Please print the line that holds "vidaXL Record Cabinet" and each line after it to the end of the data, word for word, without any pictures.

+++++

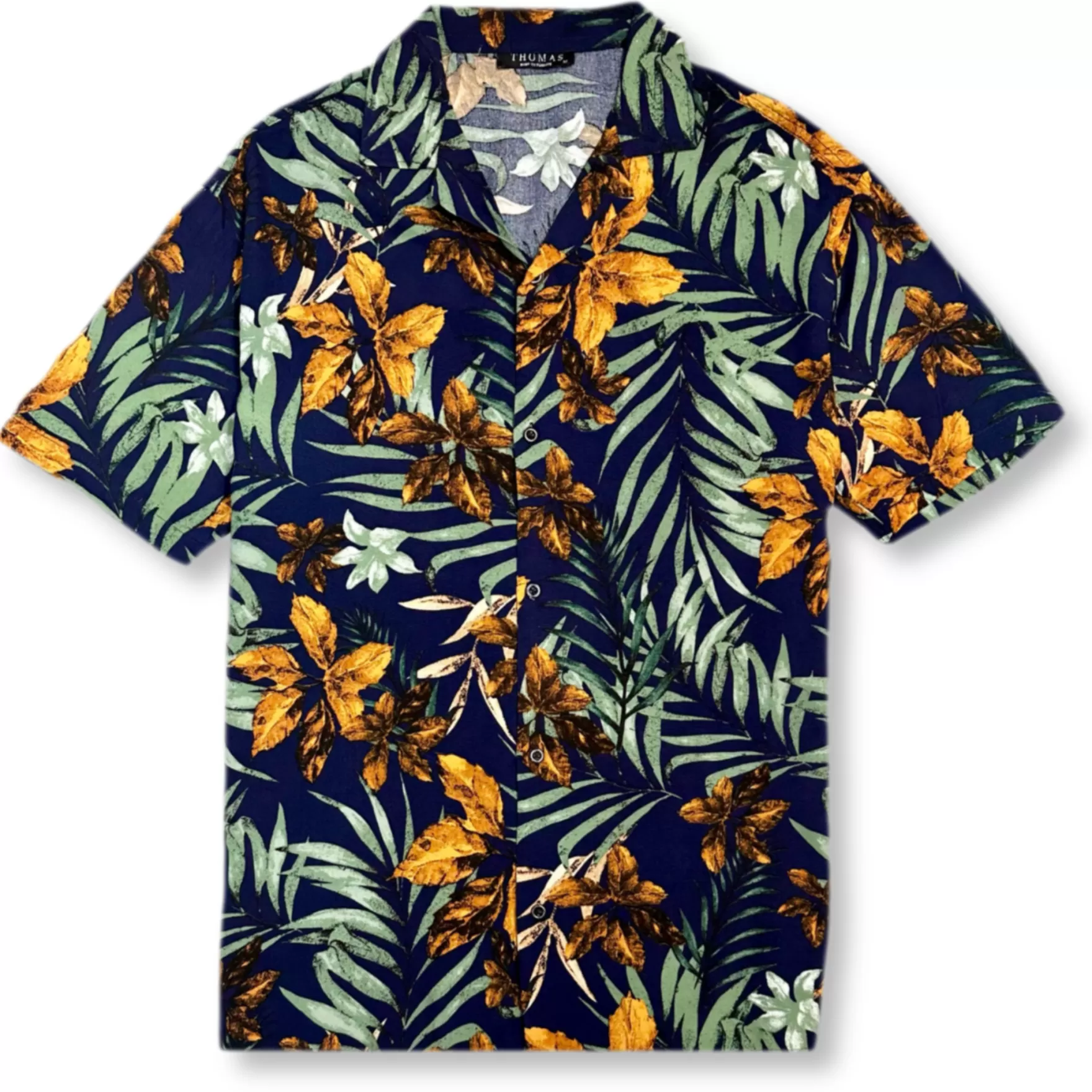 New Edition Fashion Button Downs-Takara Tropical Resort Revere Collar Shirt Navy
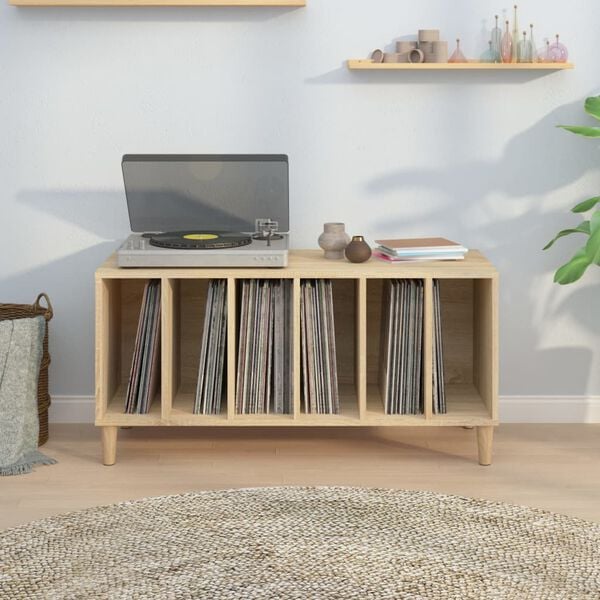vidaXL Record Cabinet Sonoma Oak 100x38x48 cm Engineered Wood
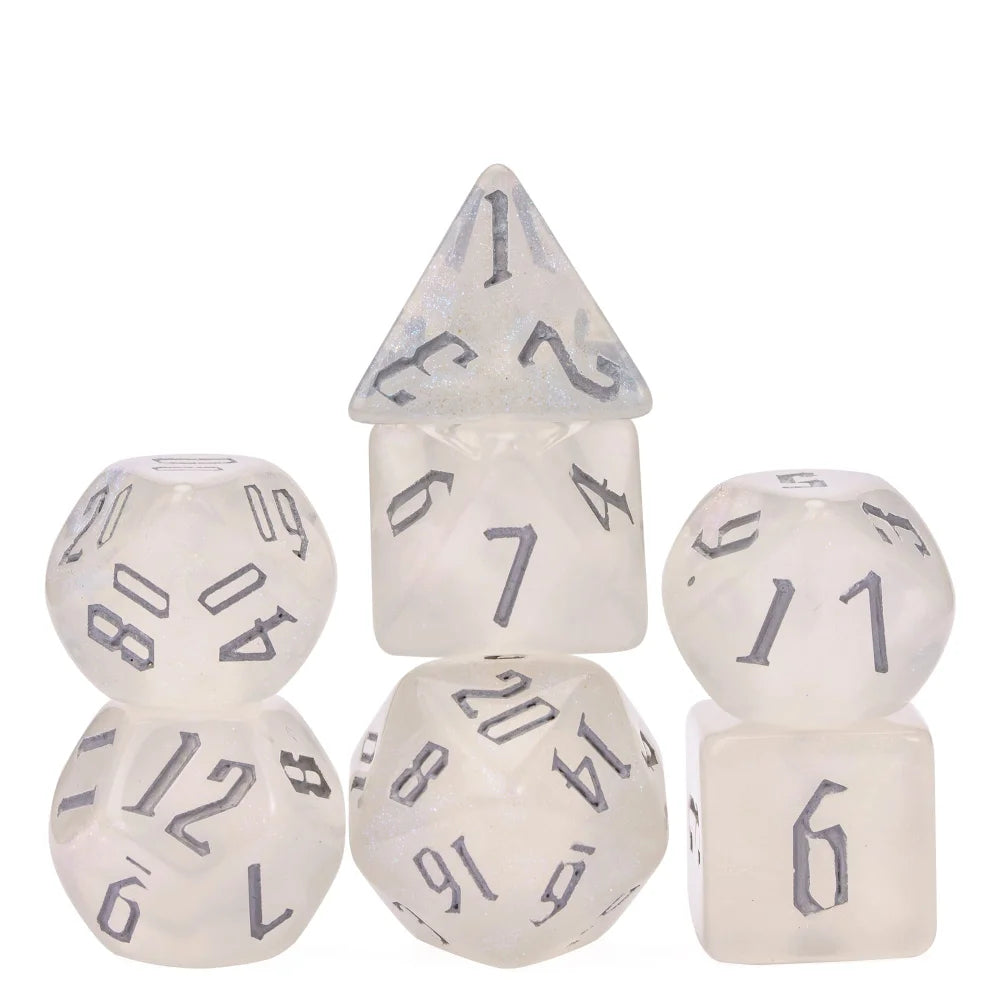 Poludie DND 7Pcs/Set Pink Gold Dice Set D4 D6 D8 D10 D% D12 D20 Translucent Polyhedral Dice for Role Playing Board Game D&D RPG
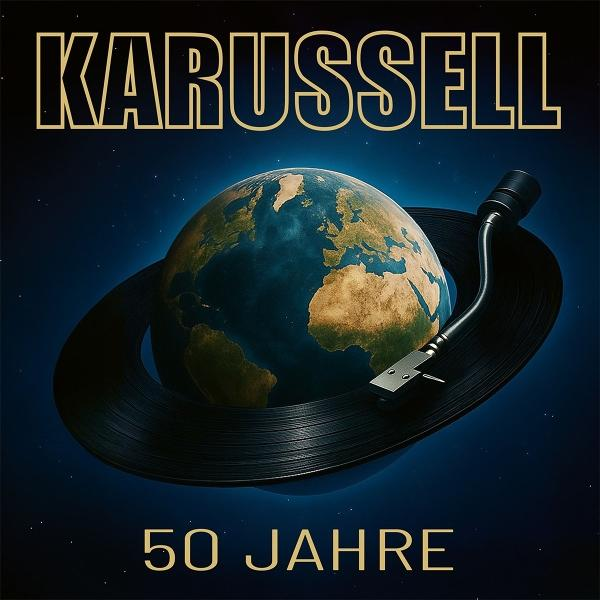 Erde auf Schallplatte mit Tonarm, Text: KARUSSELL 50 JAHRE.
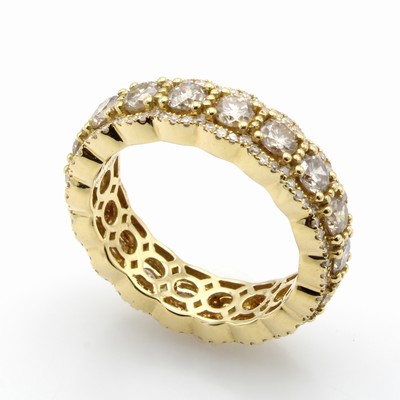 Image Ring mit Brillanten, GG 750/000, 18 Brill. zus. ca. 2.57 ct u. 144 Brill. zus. ca. 0.56 ...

+++++

Your solution
vidaXL Record Cabinet Sonoma Oak 100x38x48 cm Engineered Wood
 Poludie DND 7Pcs/Set Pink Gold Dice Set D4 D6 D8 D10 D% D12 D20 Translucent Polyhedral Dice for Role Playing Board Game D&D RPG
 Erde auf Schallplatte mit Tonarm, Text: KARUSSELL 50 JAHRE.
 Image Ring mit Brillanten, GG 750/000, 18 Brill. zus. ca. 2.57 ct u. 144 Brill. zus. ca. 0.56 ...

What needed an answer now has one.